** Opening RECORDS block **

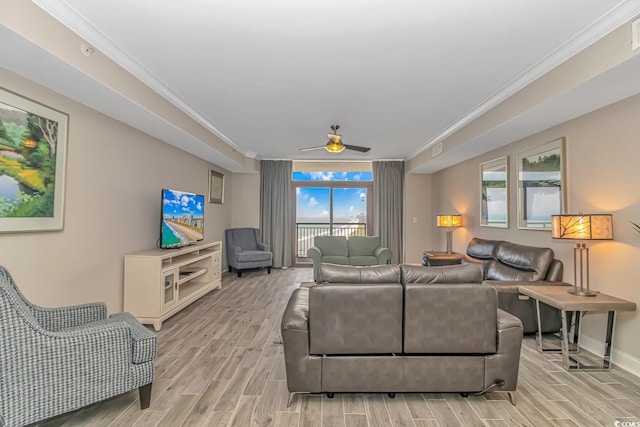 living room with ornamental molding, wood finish floors, visible vents, and baseboards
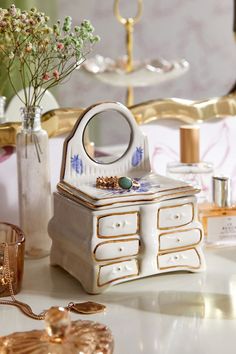 a white and gold jewelry box sitting on top of a table next to a vase filled with flowers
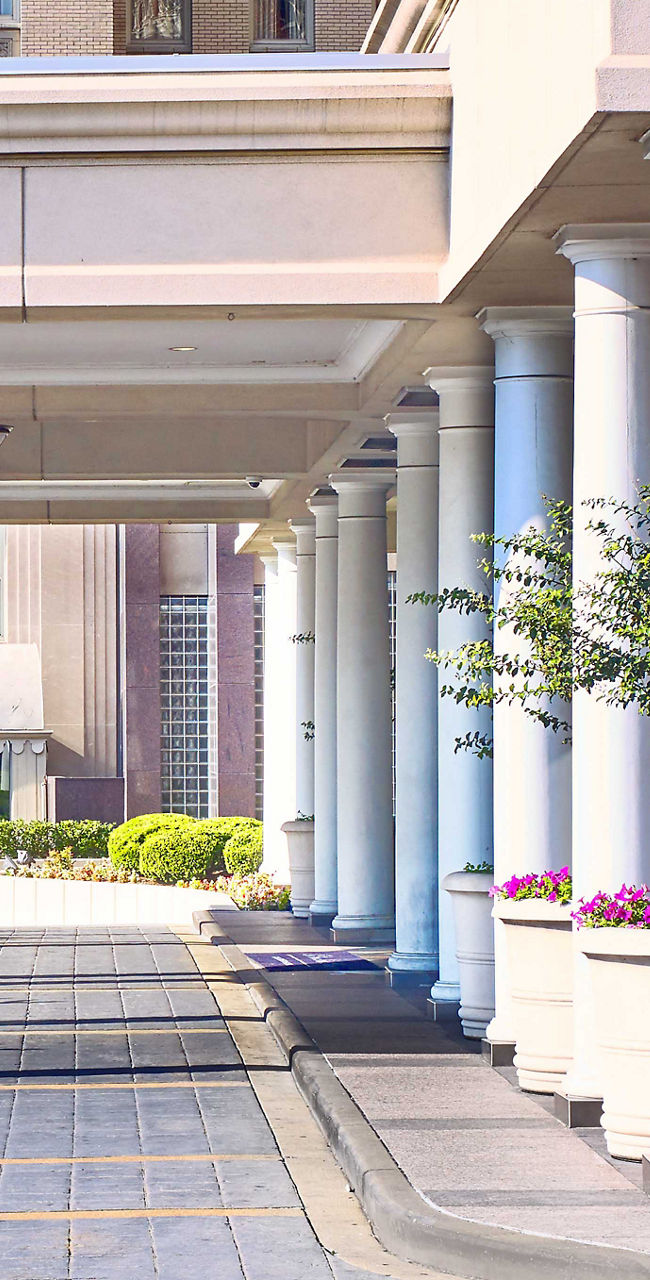 Modern urban plaza with columns and fountain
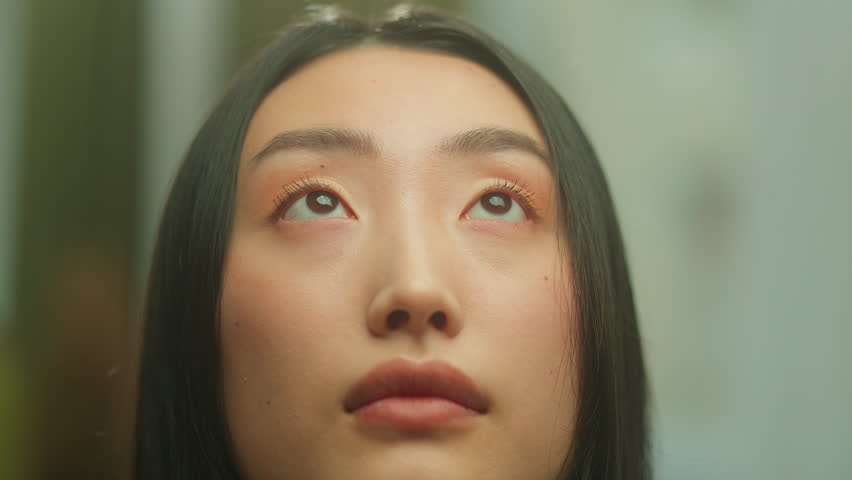Close up Asian woman looking up thinking inspired dreaming portrait Korean Japanese Chinese girl female pensive dreamy face dream praying religion pray think hope faith beauty skin indoors in studio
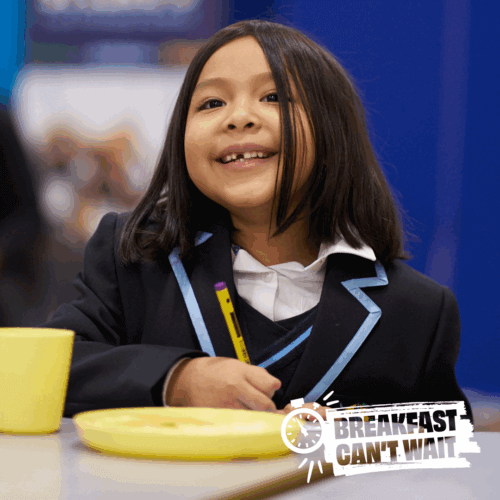 School girl eating breakfast in school uniform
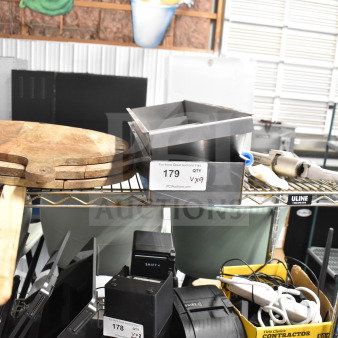 Nine varied items including metal bins, wooden paddles, and a gas regulator on a wire shelf. Tag indicates quantity nine.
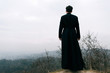 Portrait of handsome catholic bearded man priest or pastor posing outdoors in mountains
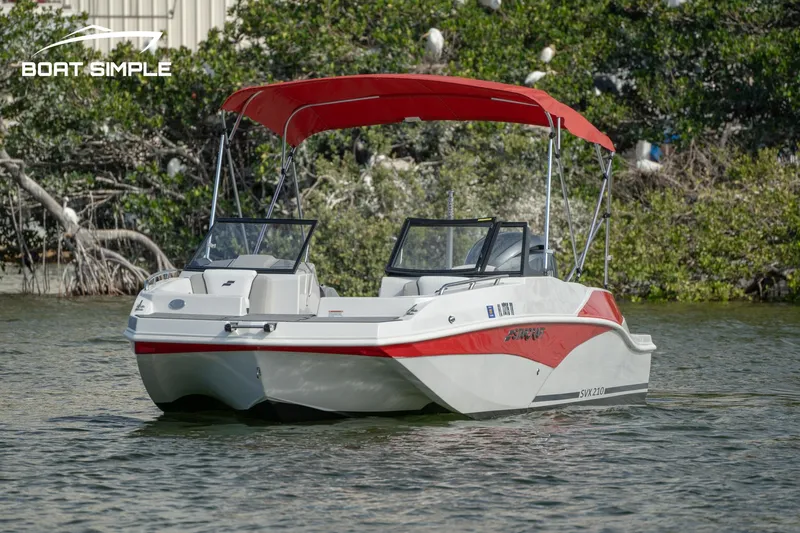Slide: The Image of 2024 Starcraft SVX 210 OB DC boat with red canopy on calm water. - 2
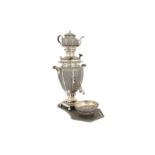 A MINIATURE IRANIAN SILVER SAMOVAR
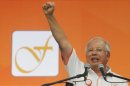 Malaysia's Prime Minister Najib Razak shouts at the end of his speech to farmers at Felda Jengka 8 plantation, near town of Jerantut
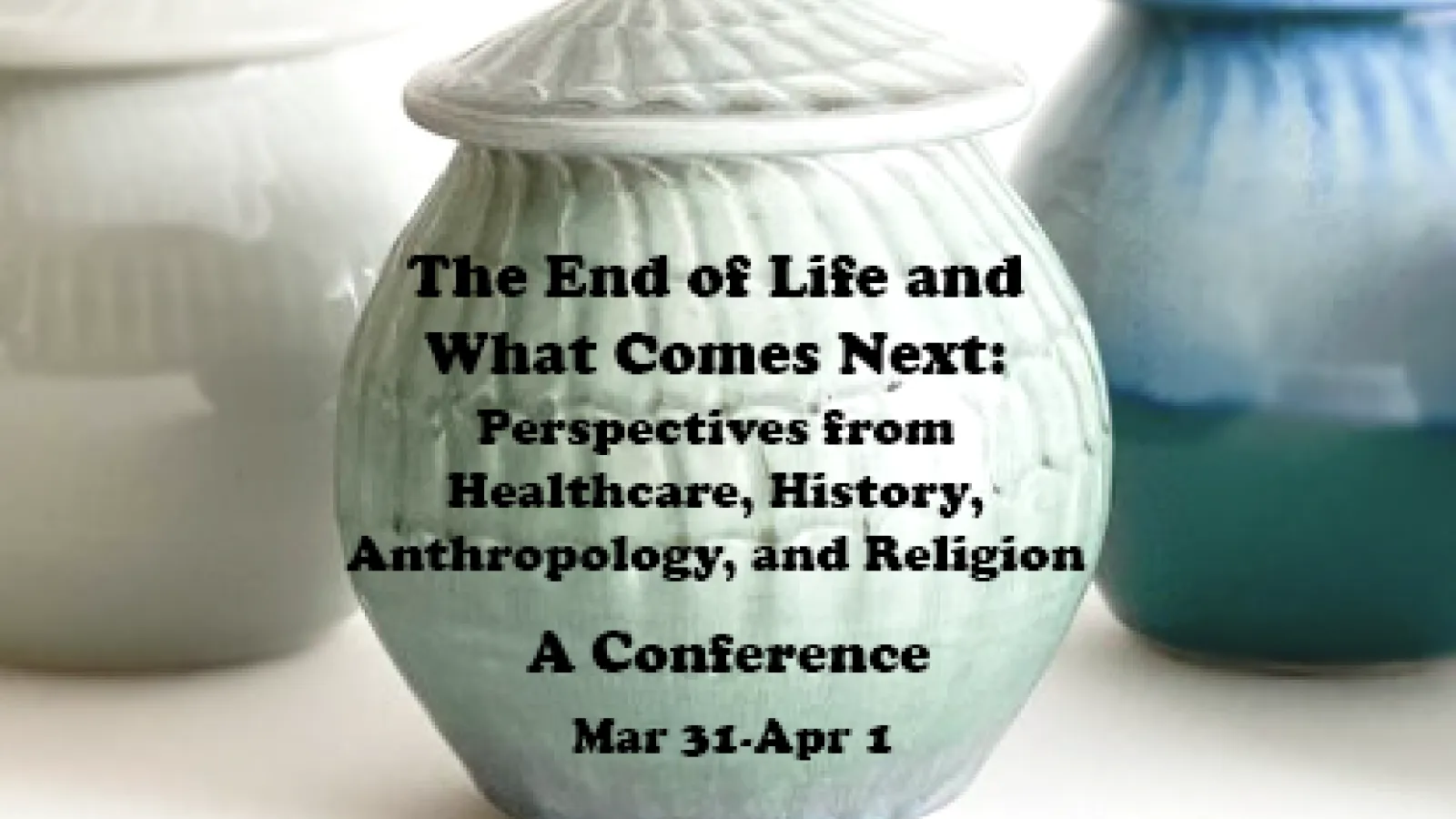 An urn with the conference title and dates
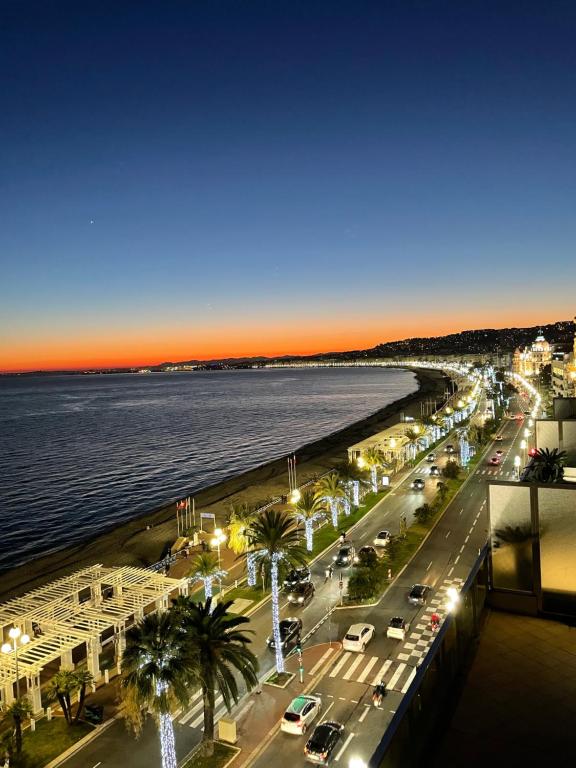 une ville avec une plage et l'océan la nuit dans l'établissement Royal lux promenade des anglais, à Nice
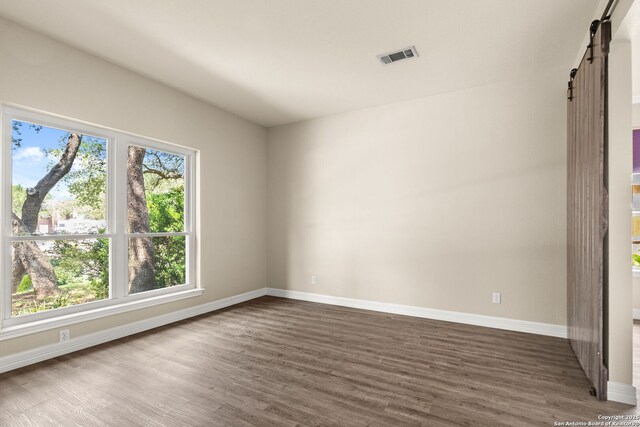 122 Kettle Cv, Universal City, TX 78148 - empty room featuring a barn door, dark wood finished floors, and baseboards
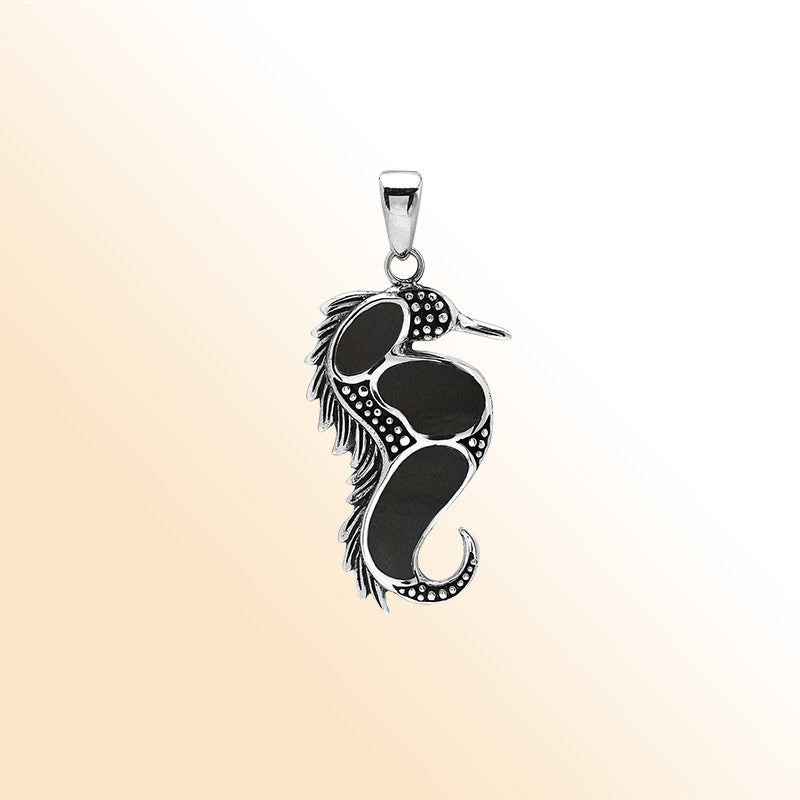 Sterling silver seahorse pendant with black shell inlay, handcrafted Bali jewelry inspired by the ocean.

** Closing RECORDS block **

◆ ABOUT THIS TASK: Copy out only the lines from the one containing "A MINIATURE IRANIAN SILVER SAMOVAR" to the end of the entries, unchanged. Drop the pictures.

◆ ANSWER TO THIS PROBLEM:
 A MINIATURE IRANIAN SILVER SAMOVAR
 Malaysia's Prime Minister Najib Razak shouts at the end of his speech to farmers at Felda Jengka 8 plantation, near town of Jerantut
 An urn with the conference title and dates
 une ville avec une plage et l'océan la nuit dans l'établissement Royal lux promenade des anglais, à Nice
 122 Kettle Cv, Universal City, TX 78148 - empty room featuring a barn door, dark wood finished floors, and baseboards
 Sterling silver seahorse pendant with black shell inlay, handcrafted Bali jewelry inspired by the ocean.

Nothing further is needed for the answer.